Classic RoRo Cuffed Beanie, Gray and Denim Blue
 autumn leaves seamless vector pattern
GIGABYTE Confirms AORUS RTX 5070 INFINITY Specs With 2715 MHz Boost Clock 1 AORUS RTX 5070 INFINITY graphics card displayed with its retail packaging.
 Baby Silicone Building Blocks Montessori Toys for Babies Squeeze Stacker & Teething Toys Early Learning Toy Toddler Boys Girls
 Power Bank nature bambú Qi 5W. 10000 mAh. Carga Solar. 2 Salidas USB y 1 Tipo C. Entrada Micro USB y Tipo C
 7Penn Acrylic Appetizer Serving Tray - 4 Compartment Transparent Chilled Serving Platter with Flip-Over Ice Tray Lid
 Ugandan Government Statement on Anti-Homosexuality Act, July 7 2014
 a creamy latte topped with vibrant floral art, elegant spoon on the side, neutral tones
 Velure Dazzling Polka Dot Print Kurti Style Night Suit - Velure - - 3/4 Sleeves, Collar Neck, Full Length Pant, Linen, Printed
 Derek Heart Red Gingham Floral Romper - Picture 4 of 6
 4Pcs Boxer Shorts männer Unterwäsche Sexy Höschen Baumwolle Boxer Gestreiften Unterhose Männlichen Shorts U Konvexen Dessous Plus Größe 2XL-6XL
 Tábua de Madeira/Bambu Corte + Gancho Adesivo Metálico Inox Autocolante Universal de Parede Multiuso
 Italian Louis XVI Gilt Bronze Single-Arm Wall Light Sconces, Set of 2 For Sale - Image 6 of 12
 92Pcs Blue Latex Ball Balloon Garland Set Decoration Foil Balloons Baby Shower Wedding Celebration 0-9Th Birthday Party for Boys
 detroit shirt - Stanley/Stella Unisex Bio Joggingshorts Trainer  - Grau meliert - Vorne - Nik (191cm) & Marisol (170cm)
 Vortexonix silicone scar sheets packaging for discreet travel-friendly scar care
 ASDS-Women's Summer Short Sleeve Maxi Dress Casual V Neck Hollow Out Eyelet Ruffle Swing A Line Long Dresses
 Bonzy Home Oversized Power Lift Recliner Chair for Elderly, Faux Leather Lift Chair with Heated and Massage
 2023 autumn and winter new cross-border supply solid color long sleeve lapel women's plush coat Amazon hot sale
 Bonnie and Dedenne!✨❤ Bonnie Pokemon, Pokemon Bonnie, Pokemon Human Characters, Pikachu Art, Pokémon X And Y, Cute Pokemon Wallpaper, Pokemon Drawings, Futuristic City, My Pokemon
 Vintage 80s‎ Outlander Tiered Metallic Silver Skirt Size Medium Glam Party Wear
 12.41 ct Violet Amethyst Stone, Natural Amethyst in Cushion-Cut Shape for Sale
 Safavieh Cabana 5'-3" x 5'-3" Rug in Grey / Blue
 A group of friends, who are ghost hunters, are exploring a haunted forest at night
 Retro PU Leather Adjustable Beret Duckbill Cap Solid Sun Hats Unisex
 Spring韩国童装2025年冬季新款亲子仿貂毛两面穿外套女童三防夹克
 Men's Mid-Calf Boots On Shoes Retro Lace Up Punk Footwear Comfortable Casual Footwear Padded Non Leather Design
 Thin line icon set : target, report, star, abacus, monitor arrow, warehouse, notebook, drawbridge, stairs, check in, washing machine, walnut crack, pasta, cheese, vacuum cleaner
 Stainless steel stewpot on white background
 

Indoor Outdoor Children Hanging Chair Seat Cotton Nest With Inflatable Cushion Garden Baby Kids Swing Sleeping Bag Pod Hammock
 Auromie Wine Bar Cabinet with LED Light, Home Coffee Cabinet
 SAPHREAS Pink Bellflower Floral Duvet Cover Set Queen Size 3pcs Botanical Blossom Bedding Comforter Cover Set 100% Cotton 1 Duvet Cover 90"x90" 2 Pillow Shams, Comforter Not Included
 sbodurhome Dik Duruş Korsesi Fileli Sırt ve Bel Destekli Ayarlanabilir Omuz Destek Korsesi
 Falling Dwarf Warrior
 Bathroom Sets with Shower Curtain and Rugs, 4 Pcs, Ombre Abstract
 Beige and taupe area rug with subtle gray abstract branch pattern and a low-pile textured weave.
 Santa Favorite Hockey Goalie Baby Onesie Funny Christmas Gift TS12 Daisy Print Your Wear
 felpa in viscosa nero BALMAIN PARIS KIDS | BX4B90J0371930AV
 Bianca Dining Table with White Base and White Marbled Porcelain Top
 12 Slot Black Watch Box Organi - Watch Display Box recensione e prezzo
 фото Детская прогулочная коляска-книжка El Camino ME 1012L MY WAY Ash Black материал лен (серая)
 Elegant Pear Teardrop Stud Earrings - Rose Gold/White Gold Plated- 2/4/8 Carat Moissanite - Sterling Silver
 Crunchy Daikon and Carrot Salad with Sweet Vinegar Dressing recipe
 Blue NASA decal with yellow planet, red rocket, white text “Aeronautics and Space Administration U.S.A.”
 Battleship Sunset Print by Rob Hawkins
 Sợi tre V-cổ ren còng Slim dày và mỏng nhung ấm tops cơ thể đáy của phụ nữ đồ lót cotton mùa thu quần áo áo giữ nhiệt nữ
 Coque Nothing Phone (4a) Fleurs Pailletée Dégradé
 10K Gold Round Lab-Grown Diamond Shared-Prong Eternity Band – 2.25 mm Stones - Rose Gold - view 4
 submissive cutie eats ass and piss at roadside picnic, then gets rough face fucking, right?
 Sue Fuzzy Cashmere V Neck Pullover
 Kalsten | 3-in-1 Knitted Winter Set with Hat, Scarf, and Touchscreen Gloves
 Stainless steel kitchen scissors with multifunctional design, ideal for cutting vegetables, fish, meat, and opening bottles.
#####
Directions:
Wherever a line of the material has the word "Boys", add it to a tally; give only the final number.

Solution to this task:
2